OS X / Linux: pipe into two processes?
I know about
program1 | program2
and
program1 | tee outputfile | program2
but is there a way to feed program1's output into both program2 and program3?
Solution 1:
You can do this with tee
and process substitution.
program1 | tee >(program2) >(program3)
The output of program1
will be piped to whatever is inside ( )
, in this case program2
and program3
.
Solution 2:
Intro about parallelisation
This seem trivial, but doing this is not only possible, also doing so will generate concurrent or simultaneous process.
You may have to take care about some particular effects, like order of execution, exection time, etc.
There are some sample at end of this post.
Compatible answer first
As this question is flagged shell and unix, I will first give a POSIX compatible answer. (for bashisms, go further.)
Yes, there is a way to use unnamed pipes.
In this sample, I will generate a range of 100'000 numbers, randomize them and compress the result using 4 different compression tools to compare the compression ratio...
For this to I will first run the preparation:
GZIP_CMD=`which gzip`
BZIP2_CMD=`which bzip2`
LZMA_CMD=`which lzma`
XZ_CMD=`which xz`
MD5SUM_CMD=`which md5sum`
SED_CMD=`which sed`
Note: specifying full path to commands prevent some shell interpreter (like busybox) to run built-in compressor.
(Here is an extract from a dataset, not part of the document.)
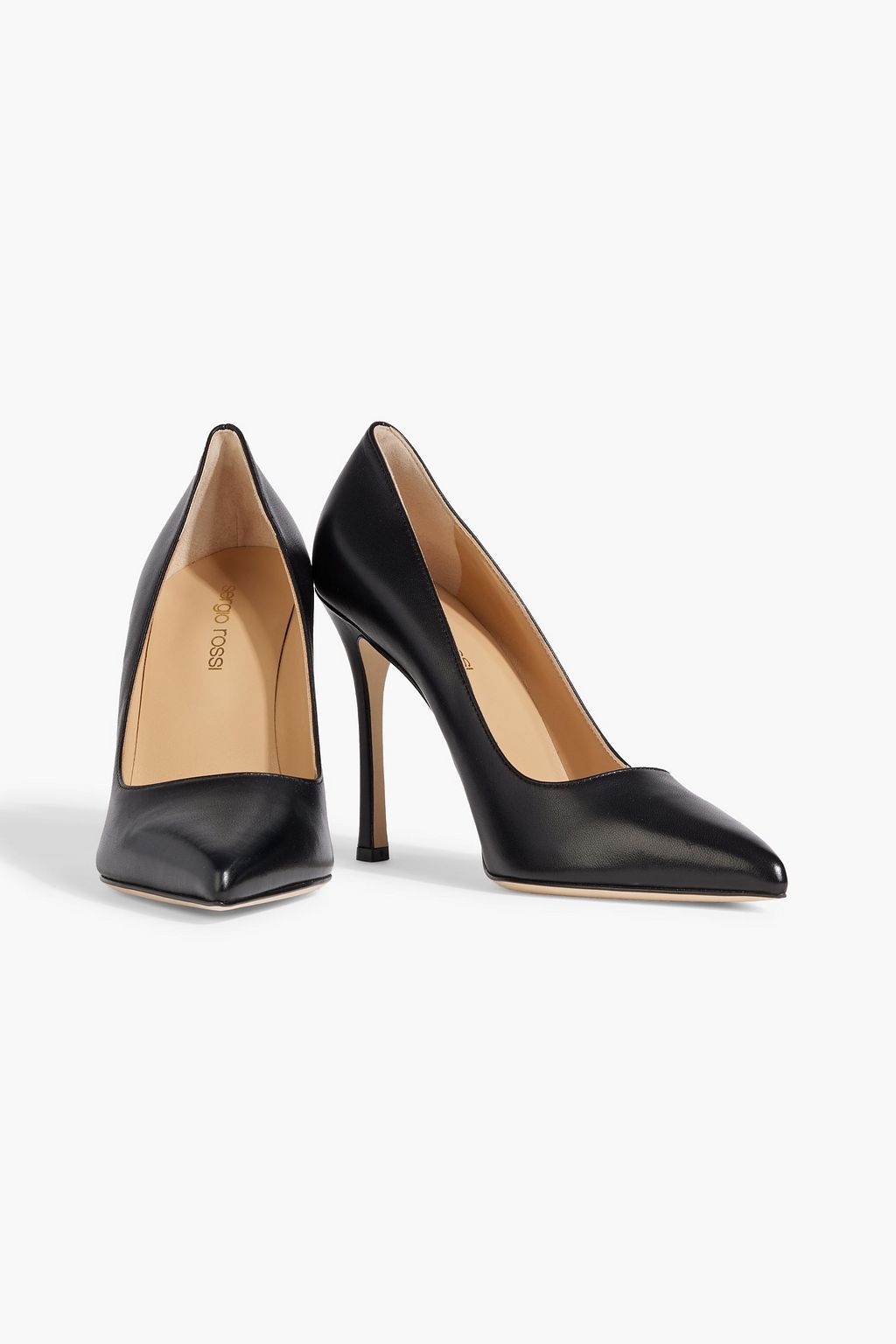 SERGIO ROSSI New Secret 105 leather pumps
And doing way will ensure same syntax will run independently of os installation (paths could be different between MacOs, Ubuntu, RedHat, HP-Ux and so...).
The syntax NN>&1
(where NN is a number between 3 and 63) do generate unnamed pipe who could by find at /dev/fd/NN
. (The file descriptors 0 to 2 are already open for 0: STDIN, 1: STDOUT and 2: STDERR).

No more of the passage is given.